- Theatrical release poster
- Directed by: Joel Zwick
- Written by: Tom Schulman Patricia Resnick
- Produced by: Mark Tarlov
- Starring: John Larroquette; Bronson Pinchot; Bess Armstrong; Stuart Pankin;
- Cinematography: Dana Christiaansen
- Edited by: David Ray
- Music by: John Morris
- Production company: Lorimar Filmed Entertainment
- Distributed by: Warner Bros.
- Release date: November 3, 1989;
- Running time: 83 minutes
- Country: United States
- Language: English
- Box office: $5,368,865

= Second Sight (1989 film) =

1989 science fiction black comedy film directed by Joel Zwick

Second Sight is a 1989 American science fiction black comedy film from Warner Bros. Pictures starring John Larroquette, Bronson Pinchot, Stuart Pankin, and Bess Armstrong. In the film, a paranormal detective (Larroquette), a psychic (Pinchot), and a nun (Armstrong) search the streets of Boston, Massachusetts for a missing person who has allegedly been kidnapped.

Although scripted by Patricia Resnick (who previously co-wrote 9 to 5) and Oscar-winner Tom Schulman (who won for Dead Poets Society), the film was a critical and commercial failure; it garnered mostly negative reviews and earned only $5.3 million at the United States box office.

==Production==
Second Sight was being produced around the time of the 1988 Writers Guild of America strike, which led to problems with both the script and the cast. Filming was completed in Boston, Massachusetts. Bronson Pinchot spent about three months meeting with psychics to research for the part, largely with one who was retained by writer Patricia Resnick as a technical advisor for the film. Pinchot said he found that most of them were very straightforward, intelligent and normal people, unlike the quirky and weird character he planned to play; Pinchot said the research was nevertheless helpful in determining how to play the part differently than actual psychics. Pinchot was directed to other psychics by actress Shirley MacLaine, who is well known for her beliefs in new age spirituality and reincarnation; a photo of MacLaine was hung in the bedroom wall of Pinchot's character as an homage. In the middle one of his research sessions, Pinchot collapsed, which doctors said was due to exhaustion but the film's psychic technical advisor believed was due to his response to the extra-sensory perception and hypnosis he had been exposed to over a long period of time.
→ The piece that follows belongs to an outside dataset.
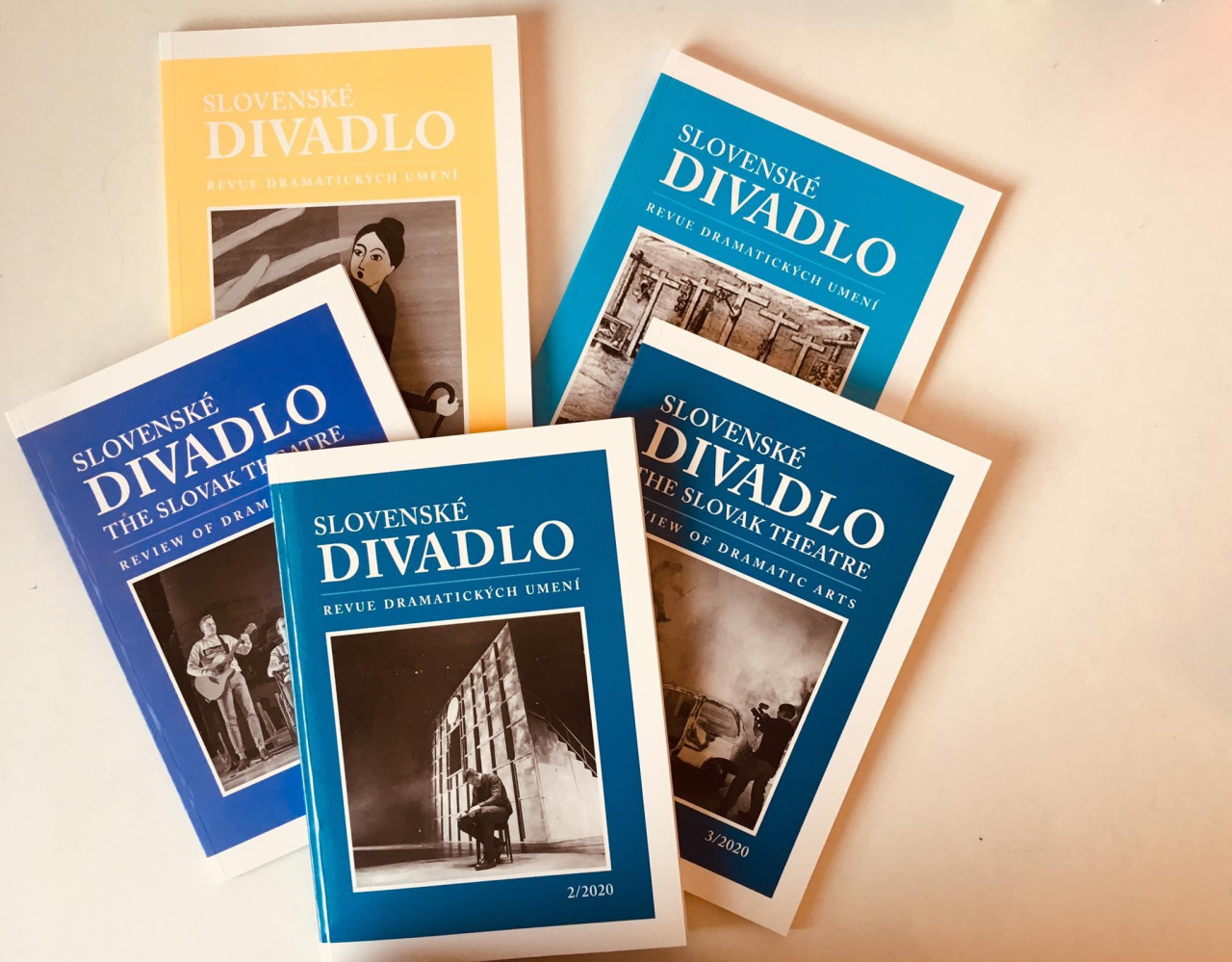 Na slovenskom divadle záleží - podporte redizajn časopisu Slovenské divadlo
One psychic Pinchot talked would randomly begin speaking in tongues repeatedly during conversations, which the psychic said was the result of a spiritual sensation he could not explain; Pinchot said the encounter was helpful in establishing his character. During one scene in the movie, Pinchot is in the office of a man who is in another location and has to urinate, and as a result Pinchot's psychic character begins squirming as if he has to use the bathroom. Pinchot said this scene was inspired by a visit he had with a psychic who used to get drunk whenever she was near somebody who was drunk at a party. The character wears slippers throughout the movie because when Pinchot met psychic Peter Hurkos during his research, they went out to lunch and Hurkos wore sandals because he forgot to put on his shoes.
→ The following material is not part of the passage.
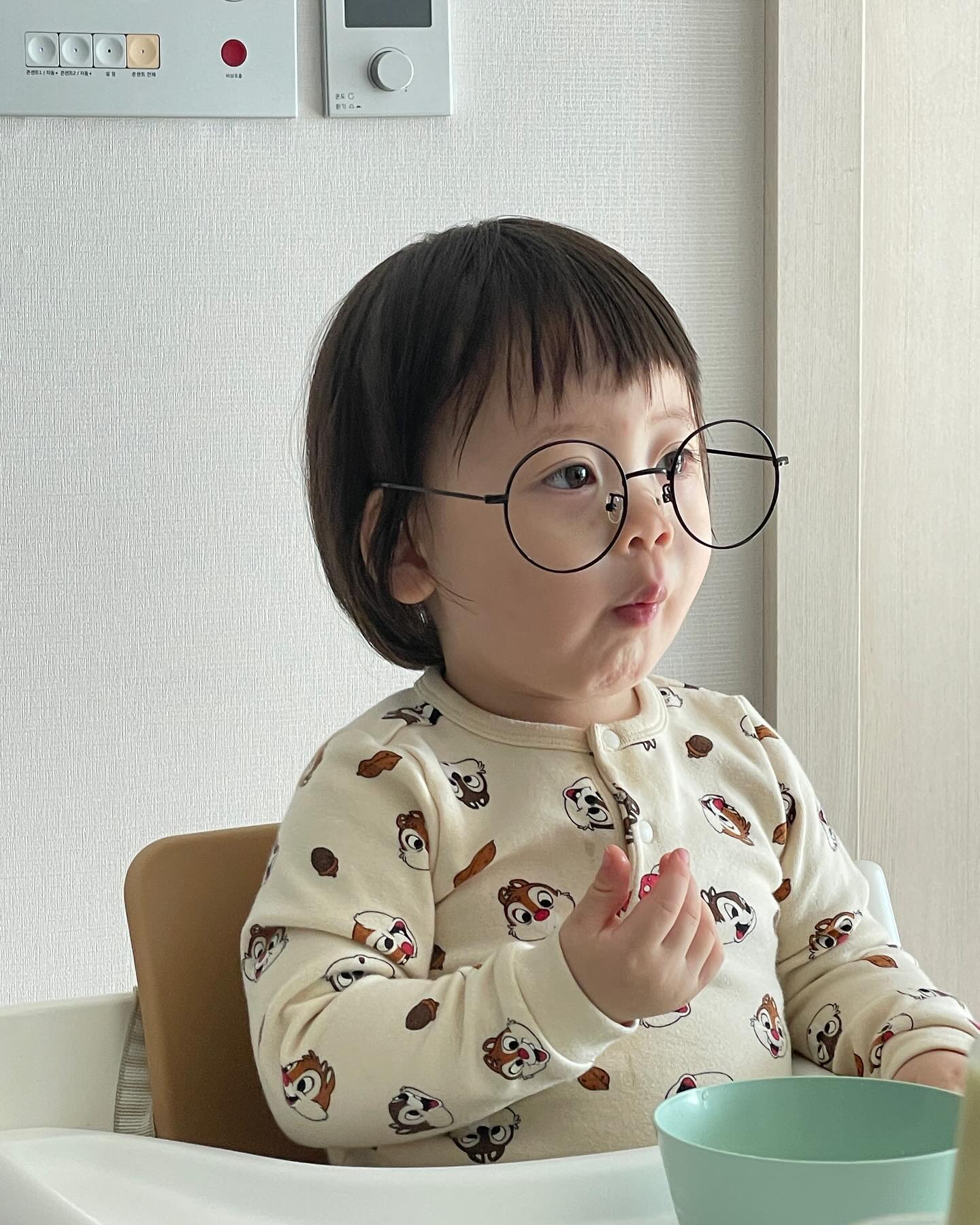 안경쓴 야니🤓
옷에있는 캐릭터들랑 잘어울리네🐿️
옛날엔 쓰는거 거부했었눈데 이제 이모 안경이 싫지는 않은듯 얌전히 쓰고있는 야니😆😆

#정호치🐯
The Aretha Franklin song "Freeway of Love" plays during a chase scene in the middle of the film.

==Reception==
The film was not successful commercially or critically. It made only $5.3 million at the United States box office, $2.16 million of which were earned during the opening weekend.

Second Sight received mostly negative reviews. Hal Hinson of The Washington Post said it appeared the film "looks as if it was shot on an everything-must-go, discount basis", and that Pinchot's character "is utterly lacking in either charm or wit". Hinson said the dialogue and direction style were terrible and that Larroquette was rehashing his character from the television comedy series, Night Court. The New York Times reviewer Janet Maslin said Joel Zwick's direction "is so outstandingly maladroit (that) it squelches any possible humor". Maslin also said the film featured too many car chases and had such a pacing of such "artificial liveliness from beginning to end" that "there's nothing in the last reel to distinguish it from the first".

==Home video==
The film was released on VHS in 1990. Some 20 years later, in 2010, Second Sight was released on DVD as a MOD title from the Warner Archive Collection, marking its first release in said format.